» **What you should do**
Leaving out all pictures, write out word for word the lines from the one containing "Vintage Cat Book Washed T-Shirt" to the end of the data below.

» **Dataset records**
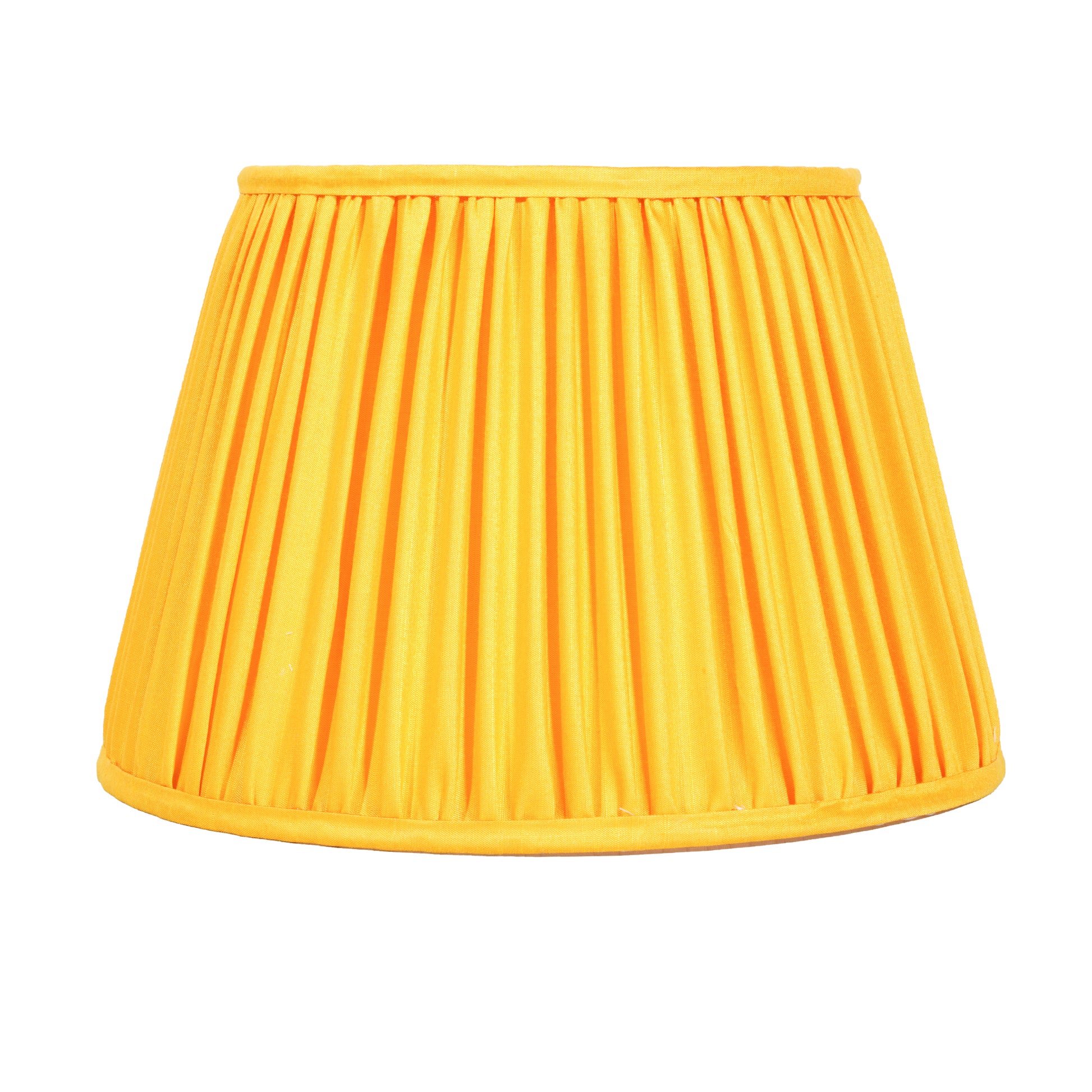 30cm straight empire premium softback lampshade in white silk by Lampenschirm India, House of Lampshades. Yellow Silk Lamp shades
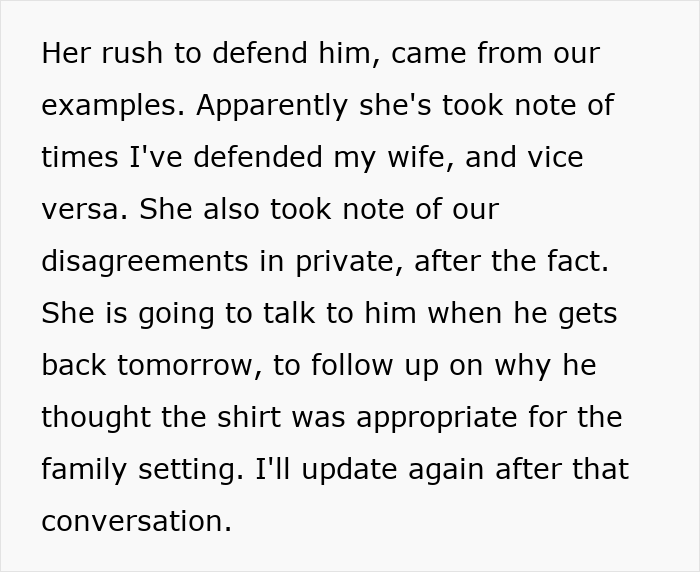 Text about a guy’s inappropriate shirt worn as a dare to dinner with girlfriend’s parents and the dad’s reaction. Text about a guy’s inappropriate shirt worn as a dare to dinner with girlfriend’s parents and the dad’s reaction.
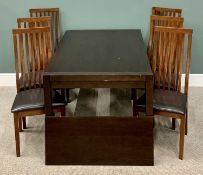 DINING TABLE & SIX CHAIRS - modern dark oak effect extending table, 75cms H, 90cms W, 150cms D (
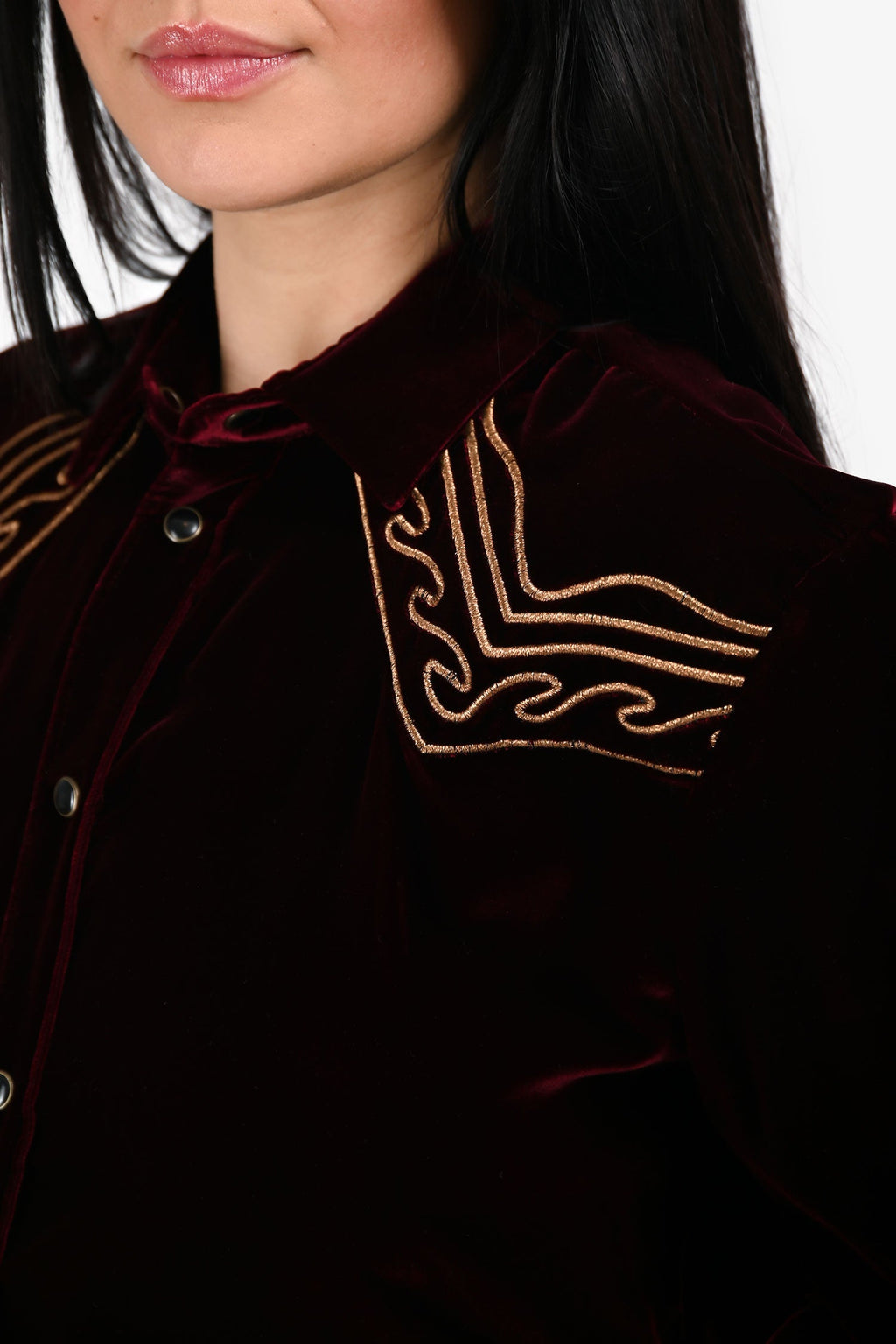 Saint Laurent 2018 Burgundy Gold Embroidered Velvet Western Shirt Size 38 Mens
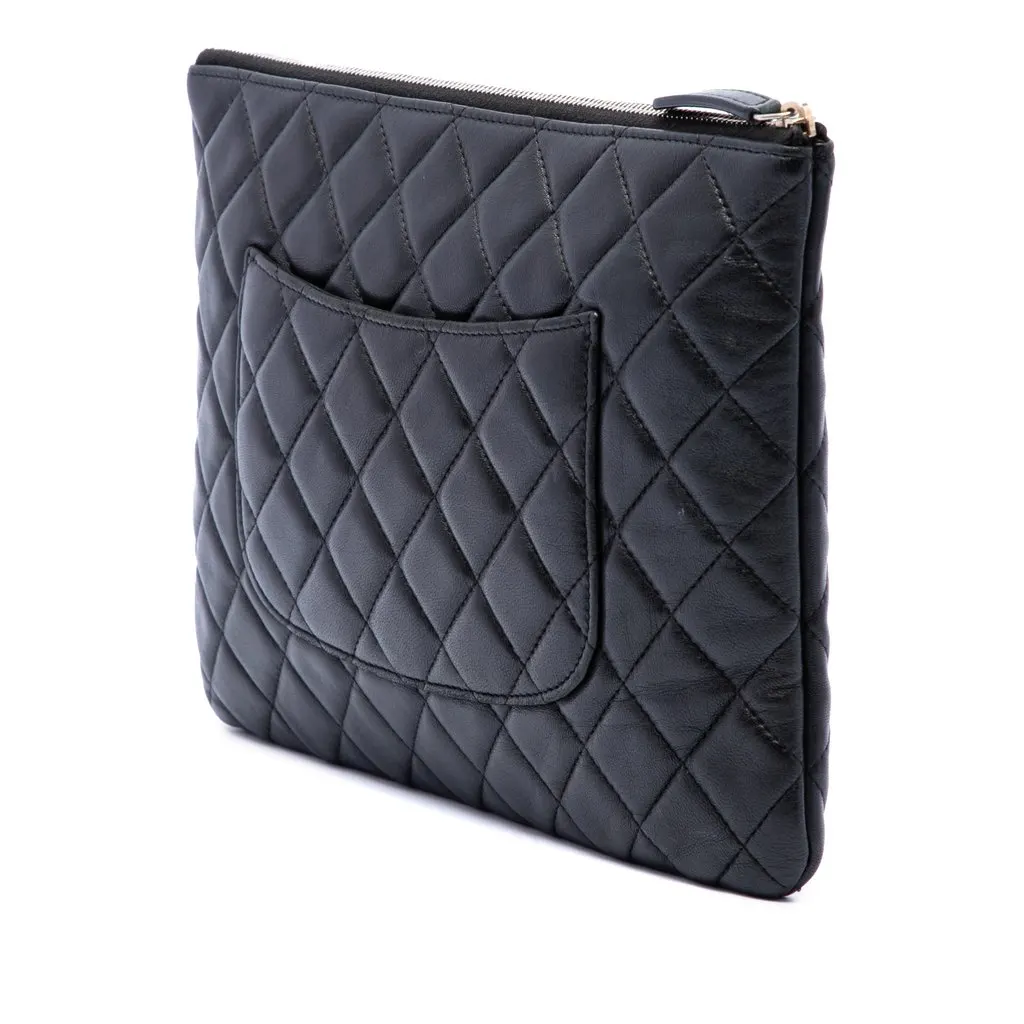 Chanel Quilted Lambskin and Crocodile Embossed Metallic Calfskin Reissue 2.55 Clutch Black Leather Very good - Back View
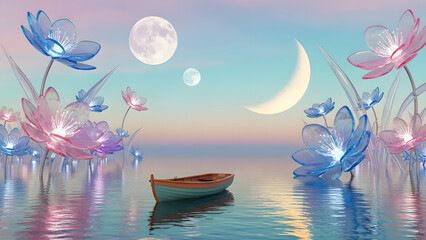 Surreal Ocean Landscape with Giant Crystal Flowers and Two Moons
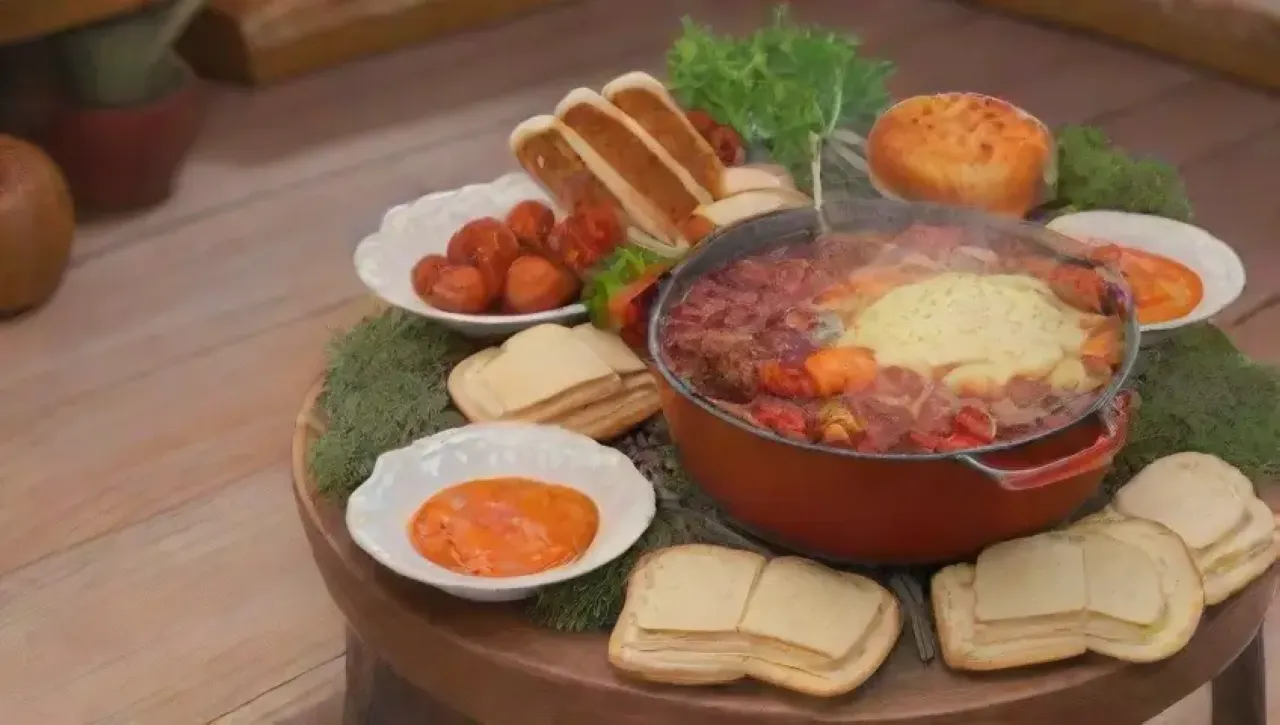 Una cálida reunión familiar con fondue, risas y aromas festivos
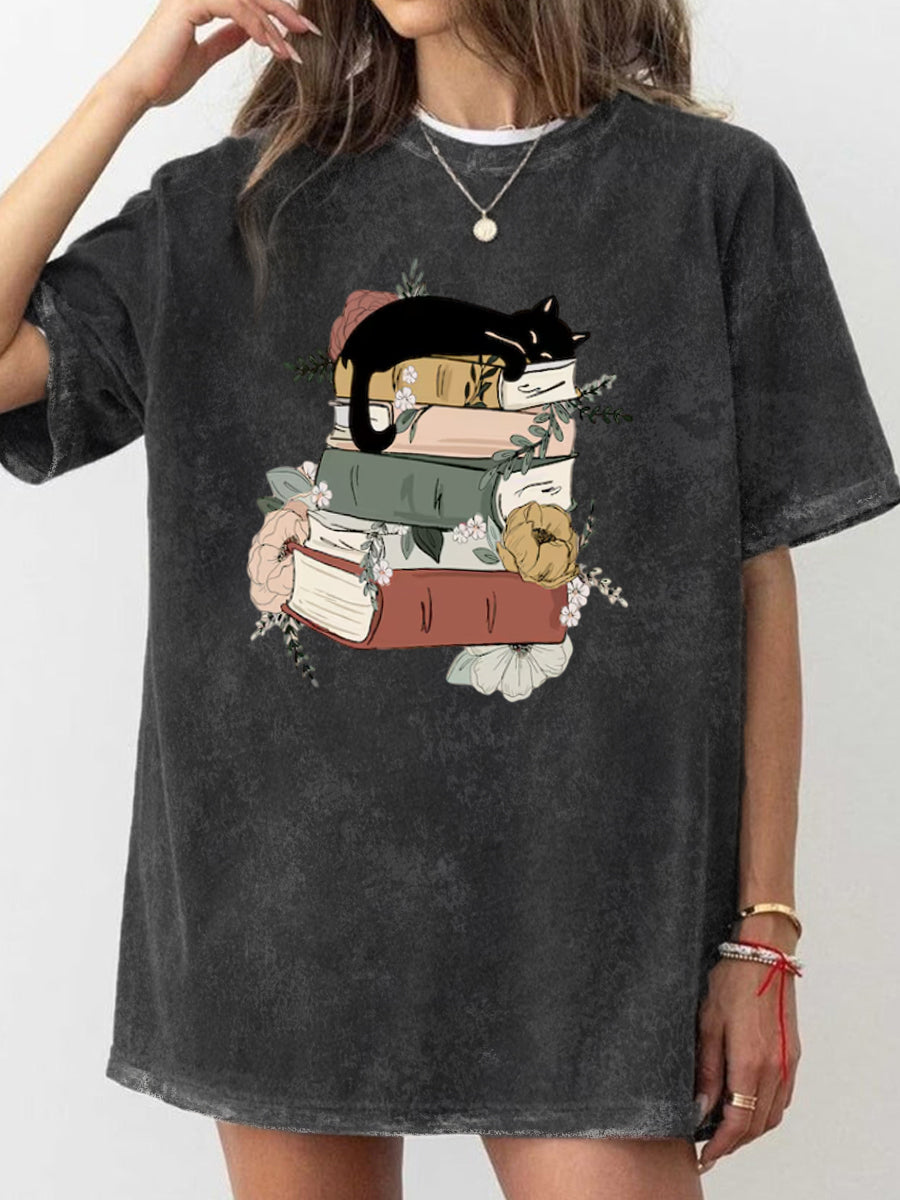 Vintage Cat Book Washed T-Shirt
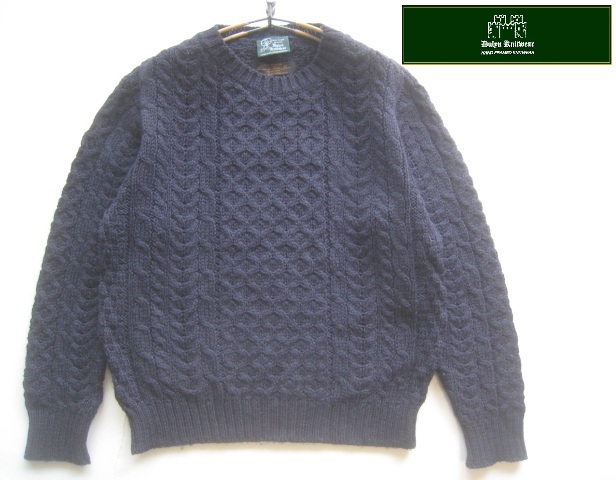 美品英国製!!デュリンニットウェア Dulyn Knitwear*ナノユニバース別注 BRITISH WOOL ケーブル編みヴァージンウールニットセーター L 紺拍卖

» **Output below**
 Vintage Cat Book Washed T-Shirt
 美品英国製!!デュリンニットウェア Dulyn Knitwear*ナノユニバース別注 BRITISH WOOL ケーブル編みヴァージンウールニットセーター L 紺拍卖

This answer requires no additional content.